JurnalLugas.Com – Kejaksaan Agung (Kejagung) terus mendalami kasus dugaan korupsi pengadaan sistem Chromebook di Kementerian Pendidikan, Kebudayaan, Riset, dan Teknologi (Kemendikbudristek). Tiga saksi kembali diperiksa penyidik pada Senin, 29 September 2025.
Kapuspenkum Kejagung, Anang Supriatna, menyampaikan bahwa pemeriksaan tersebut bertujuan memperkuat bukti serta melengkapi pemberkasan.
“Pemeriksaan saksi dilakukan untuk memperkuat pembuktian dan melengkapi pemberkasan dalam perkara dimaksud,” ujar Anang, Selasa, 30 September 2025.
Identitas Tiga Saksi
Anang merinci tiga saksi yang dipanggil penyidik, yaitu:
- MS, Direktur Utama PT Tera Data Indonesia,
- SBT, mantan Inspektur II Bidang Pendidikan Dasar dan Menengah Kemendikbudristek,
- GH, eks anggota Tim Teknis Analisa Kebutuhan Alat Pembelajaran TIK.
Meski begitu, Anang enggan mengungkap detail jawaban para saksi. Informasi yang diperoleh hanya digunakan untuk kebutuhan pemberkasan perkara.
Nadiem Makarim Jadi Tersangka
Sebelumnya, Kejagung telah menetapkan mantan Mendikbudristek Nadiem Anwar Makarim (NAM) sebagai tersangka dalam perkara ini. Penyidik juga langsung menahan Nadiem selama 20 hari sejak Kamis, 4 September 2025.
“Untuk kepentingan penyidikan, tersangka NAM akan dilakukan penahanan di rutan selama 20 hari ke depan, sejak hari ini tanggal 4 September 2025,” kata Direktur Penyidik Jampidsus Kejagung, Nurcahyo Jungkung, di Jakarta Selatan.

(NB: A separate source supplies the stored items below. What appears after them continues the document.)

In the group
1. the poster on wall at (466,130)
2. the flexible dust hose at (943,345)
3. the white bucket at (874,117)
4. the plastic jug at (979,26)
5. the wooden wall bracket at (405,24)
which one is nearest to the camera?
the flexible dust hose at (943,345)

Menurut Nurcahyo, Nadiem ditahan di Rutan Salemba cabang Kejaksaan Negeri Jakarta Selatan. Penahanan tersebut dapat diperpanjang jika penyidik menilai masih diperlukan.
Puluhan Saksi Diperiksa
Dalam proses penyidikan, Kejagung sudah memeriksa 120 saksi serta empat ahli sebelum menetapkan Nadiem sebagai tersangka. Langkah ini dilakukan untuk memastikan adanya kecukupan bukti hukum.
Kasus pengadaan sistem Chromebook ini menjadi sorotan publik karena melibatkan mantan menteri yang sebelumnya dikenal sebagai tokoh muda dengan latar belakang teknologi. Hingga kini, penyidik masih terus mengembangkan kasus untuk mengusut potensi keterlibatan pihak lain.